Ashland is beautiful, and the Oregon Shakespeare Festival is right in the heart of it. Everything in this town seems to be based around OSF. Every other store has a name that's taken from a play or a Shakespeare reference: Puck's Donuts, Stratford Inn, Oberon's Tavern. The town is designed to cater to out-of-town theatre patrons. It's a one-themed tourist town, but that doesn't aggravate my anti-touristy buttons the way a normal tourist trap would. I think it's because everyone here is so laid back and isn't constantly trying to sell you something. There is a West Coast, laid back attitude and an abundance of hippies. There are more street musicians here than anywhere I've ever been. Well maybe not La Rambla, but it's certainly close.


Someone told me this statistic: Ashland has a population of 20,000 people and 300,000 people descend upon it each year just to see theater.That's glorious and gratifying for someone working in this industry, but also crazy.

I was able to fit right into the scene shop. There are some things they do differently due to the repping of shows, but the basic premise and tool use is the same. I've been getting to use some of their cool machining tools and have played with some of their automation equipment, but I'll get more into that in a bit.

The biggest difference in the construction of scenery here is that everything is built to be light. The stage operations crew takes apart and reassembles shows up to 120 times during the season. Our shows generally move once, and then sit still for three months. Everything here is designed to be lightweight and easy to install and shift. Platforms are built out of 1x, they use 1/8" Maso to face everything and even the metal pieces are made from an extremely light gauge steel (which is difficult to weld without blowing through when you're used to the thicker stuff.)

I got to watch the shift for A Wrinkle in Time to The Tempest. The OSF stage ops crew is a machine. They went from this:
to this:

to this
 ...in 90 minutes. That was cool to see. A Wrinkle in Time was one of my favorite books when I was a kid. I got to do the load-in for this show and am so excited to see it this weekend.

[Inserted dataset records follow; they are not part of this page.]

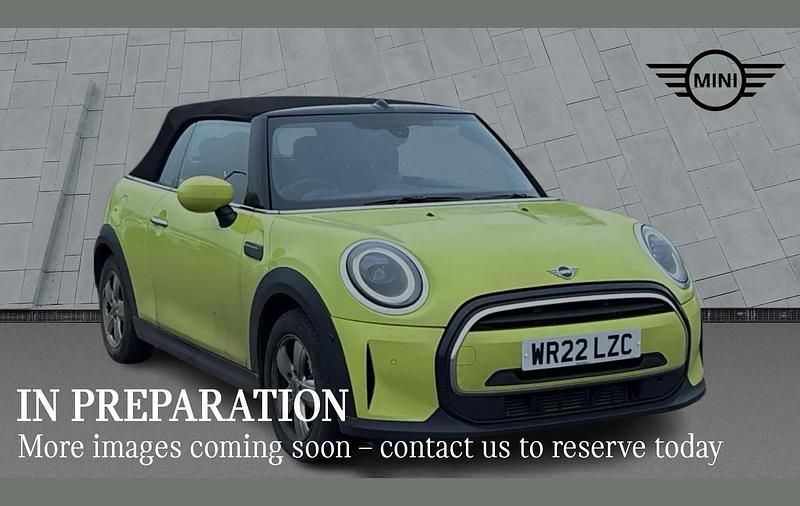 Yellow Used 2022 Mini Cooper Cabriolet Classic Cabriolet | £17,995 (Fair price) - Image 1/4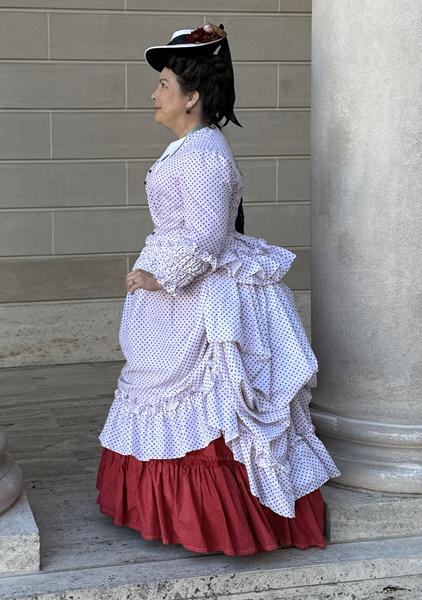 1870s Red Polka Dot Dress at Legion of Honor January 2026.  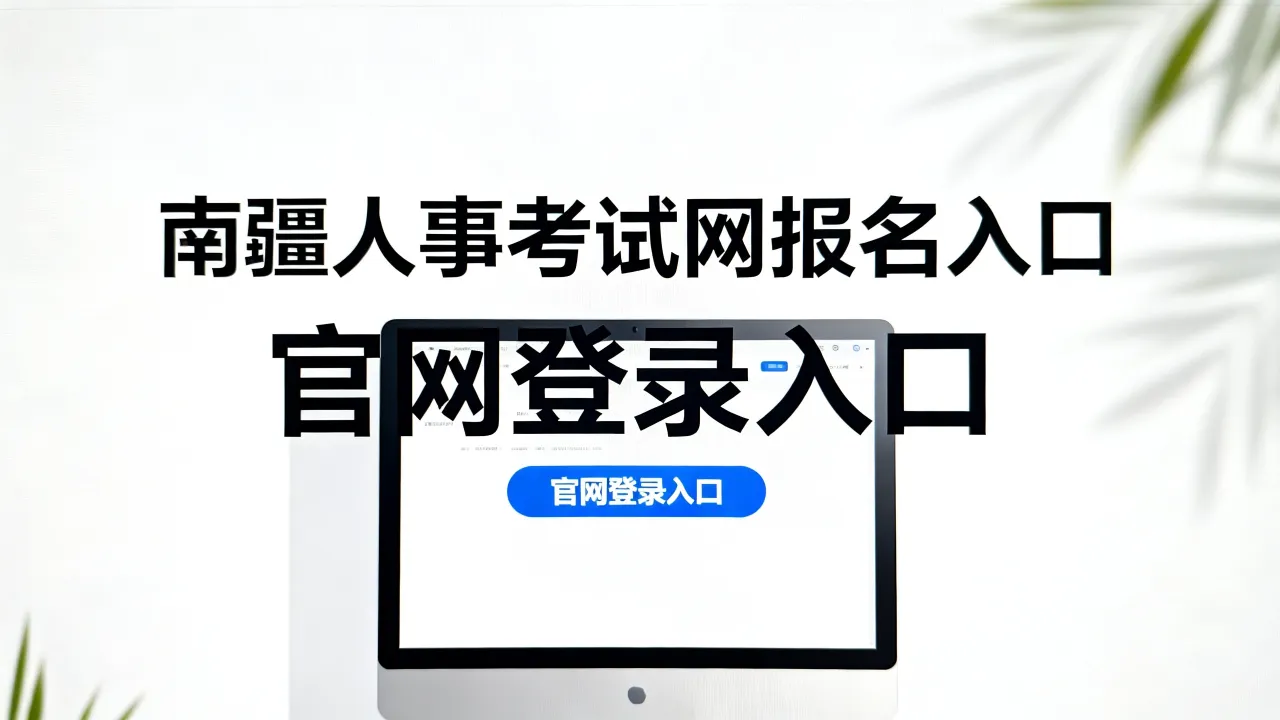 南疆人事考试网报名入口在哪里?南疆人事考试网官网登录入口
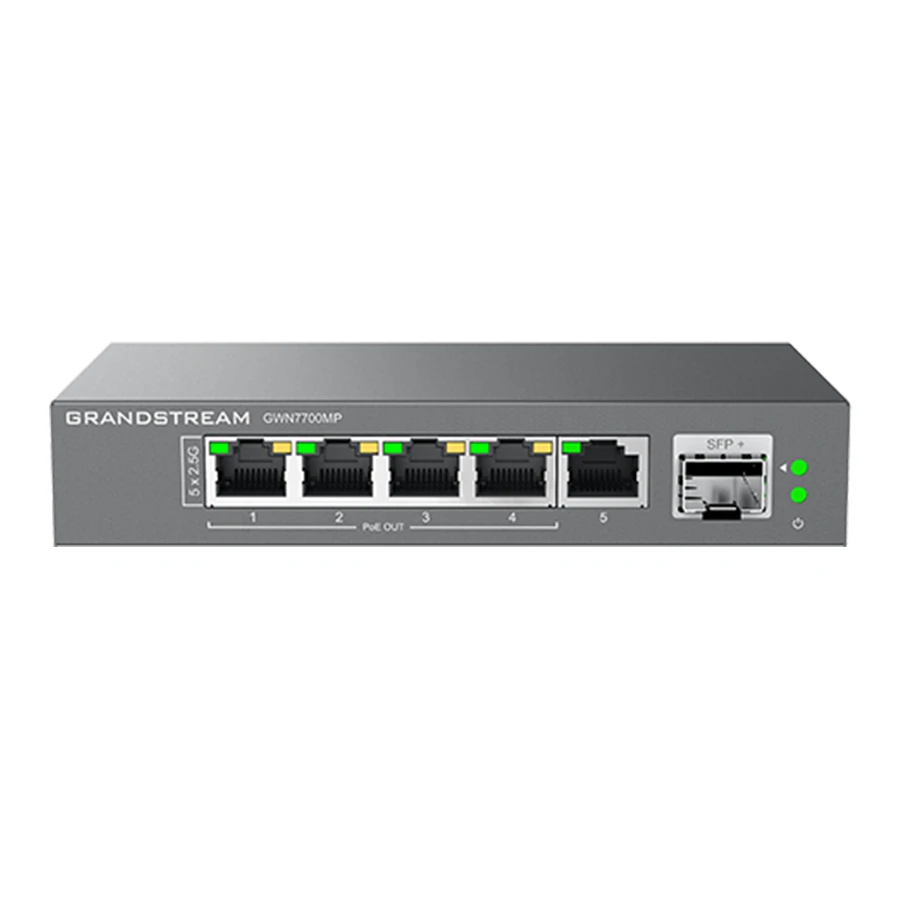 سوييچ 5 پورت گیگابیت گرند استریم مدل GWN7700MP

We are working on three shows at once, which is a change for me. The show I've been working on this most is Richard III. It's a fun show and I'm sad I won't be around when it goes up. I'm hoping someone sends me pictures of the finished set. I'd like to see how it changes the Allen Elizabethan Theatre (also known as "The Lizzy"), which is a very cool space:

Some neat things about the Lizzy: The Tudor facade looks like it would impose restrictions on scenic designs, but it is actually very malleable. Most of the trim can be removed and replaced by custom trim designed for a given show. Everything is built to be coffin locked together so it's easy to take apart. Many of the openings have automation built into them. The walls on the sides of the "center below" slide away; the center below arch can track on and off stage separately from a slip stage; the slip stage can track to front of the stage or retract to reveal a trap room beneath. The slip stage even has a track built into it's modular parts, which operate off a push chain. That's all cool, but the coolest thing I saw was a Snowy Owl that lives in the space and hunts pigeons. If there is anything I regret about this trip, it's not getting a good picture of her, she was gorgeous.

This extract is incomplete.